The Xelius DRS fits riders who refuse to be boxed into a single category. It’s not the lightest, not the absolute fastest in the wind tunnel, not the cheapest — but it might be the most well-rounded race bike you can buy at this price.
This bike makes sense for:
- Competitive road racers who mix crits, road races, and climbing events throughout the season
- Gran fondo riders who want race-day capability without sacrificing five-hour comfort
- Riders who value predictable, confidence-building handling over razor-sharp reflexes
- Anyone looking for WorldTour-level frame engineering at a price point starting under €3,000
- Cyclists who appreciate genuine brand heritage — Lapierre has been at this since 1946, with 300+ pro victories on its resume
- Current Xelius SL owners looking for a meaningful upgrade that adds aero performance without sacrificing climbing DNA
Consider something else if:
- Pure climbing weight is your only priority (Scott Addict RC or Trek Emonda SLR are lighter)
- You need clearance for tires wider than 32mm (this isn’t a gravel crossover)
- You want a dedicated aero weapon for flat time trials (the Canyon Aeroad or Cervelo S5 are more specialized)
- You need a power meter included out of the box (only the 10.0 AXS includes one)
Verdict
The 2026 Lapierre Xelius DRS deserves a spot on more shortlists than it currently occupies. By merging the climbing DNA of the Xelius SL with the aerodynamic engineering of the Aircode DRS, Lapierre has built a bike that genuinely does everything well. The UD SLI Team frame at 790 grams is competitive with anything in the class, and even the standard UD SLI frame at 908 grams delivers the same geometry, the same ride characteristics, and the same 15% aerodynamic improvement — just with a few more grams.
The transition from Groupama-FDJ to Team Picnic PostNL represents a new chapter, but the development philosophy remains unchanged: real engineering feedback from riders whose careers depend on their equipment.

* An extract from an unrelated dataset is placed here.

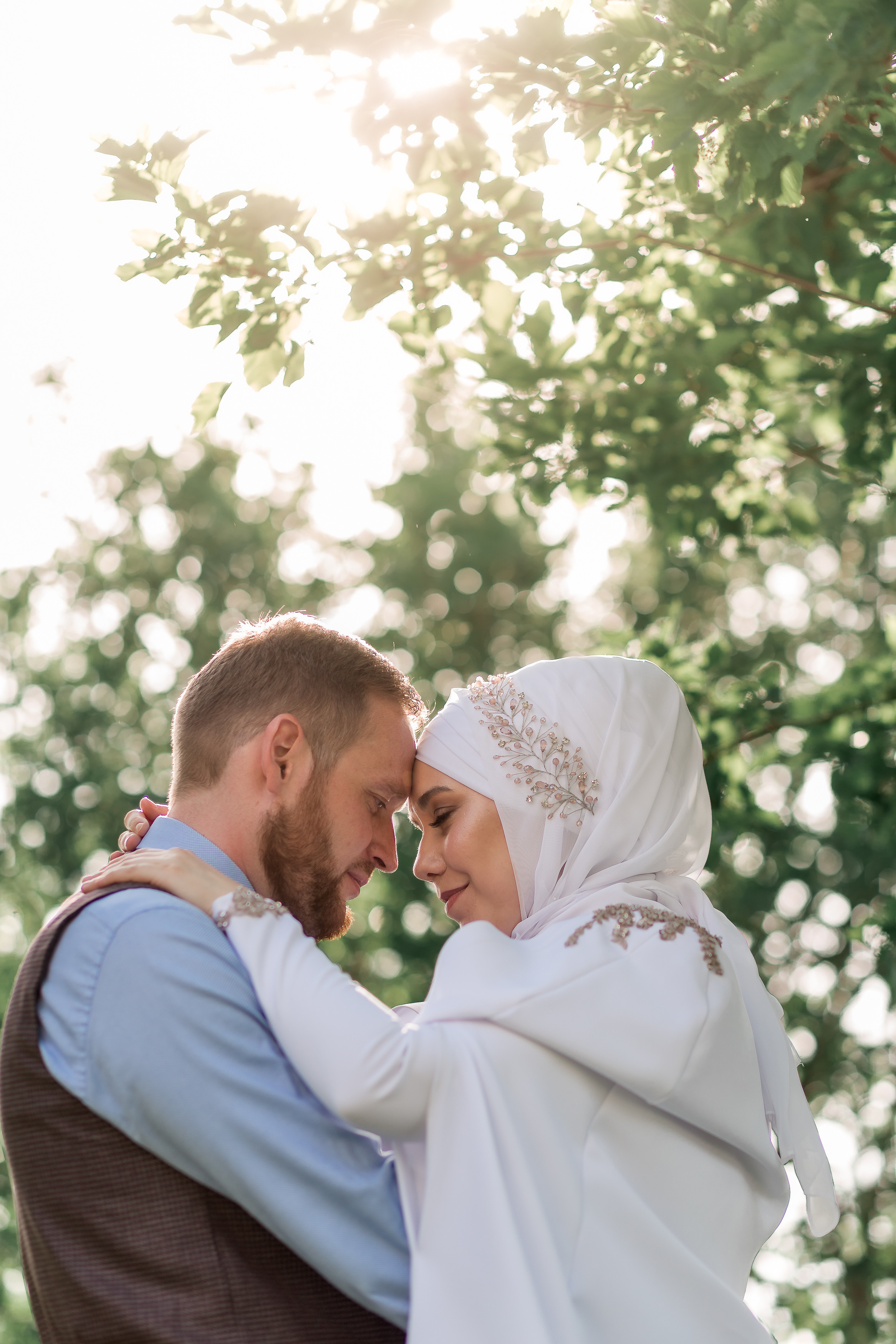 Фотограф на никах в Казани. Фотограф Ильхам Сибгатуллин Казань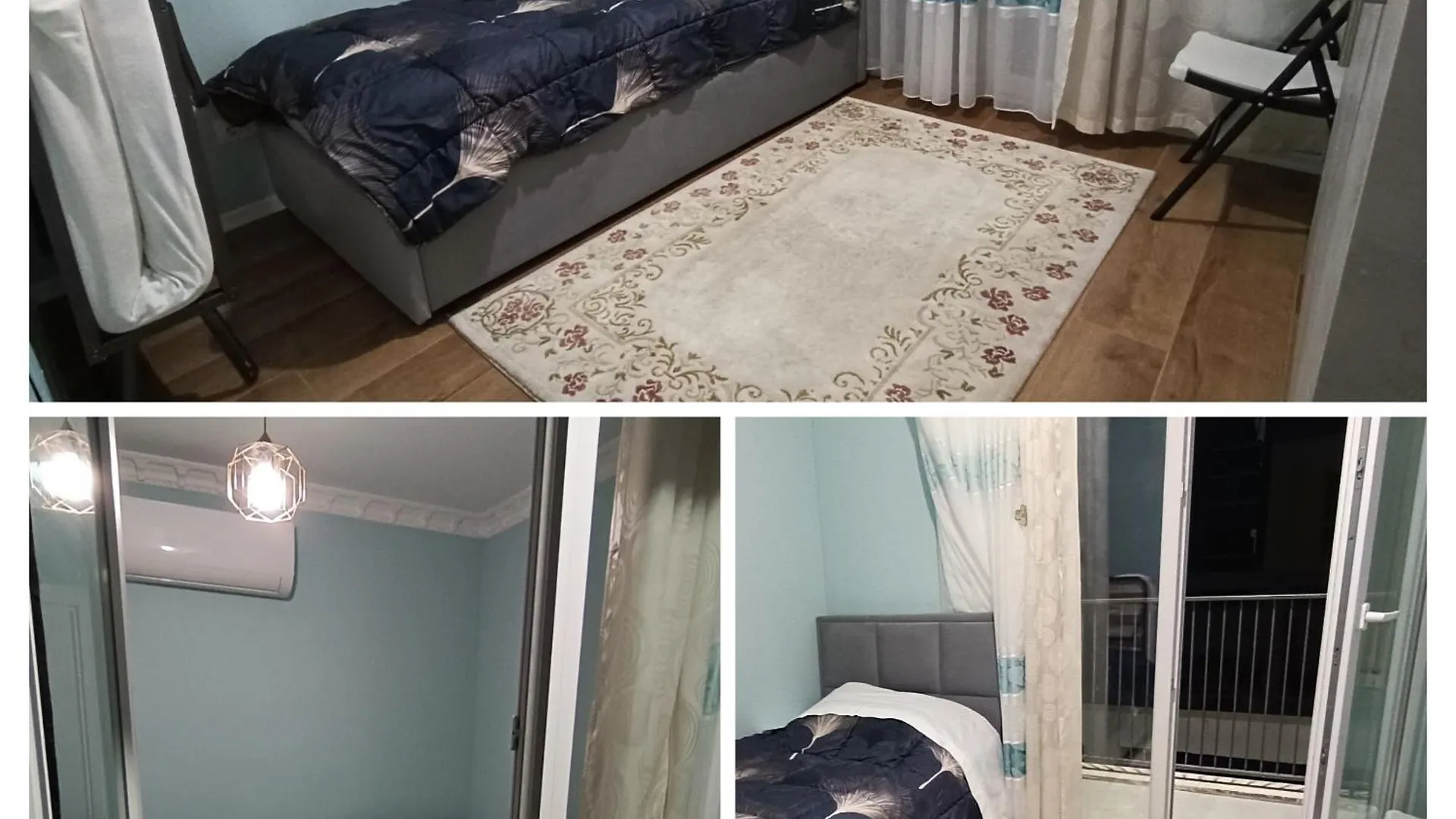 Univers City House Ljaknasi 0*,  Albanië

Over 300 victories across 22 years with FDJ built the foundation. The DRS is what grows from it.
At the 8.0 build level, the Xelius DRS offers one of the strongest value propositions in the race bike market. You get DT Swiss carbon wheels, Shimano Ultegra Di2, and the one-piece carbon cockpit on a frame that’s genuinely WorldTour-competitive. At the 5.0 level, €2,999 gets you into the same frame design with Shimano 105 Di2 — electronic shifting on a French-engineered race frame for under three thousand euros. That’s hard to argue against.
Against the Look 795 Blade and Scott Addict RC, the Xelius DRS won’t top the “lightest frame” category on a spec sheet. But it wins the real-world performance argument convincingly. Better aerodynamics than the Scott. Better tire clearance than the Look. A ride quality that rewards whether you’re attacking a col or rolling through Burgundy vineyards on a Sunday morning.
Lapierre has been doing this since 1946. With the Xelius DRS, they’ve built a bike that proves the quiet ones are worth listening to.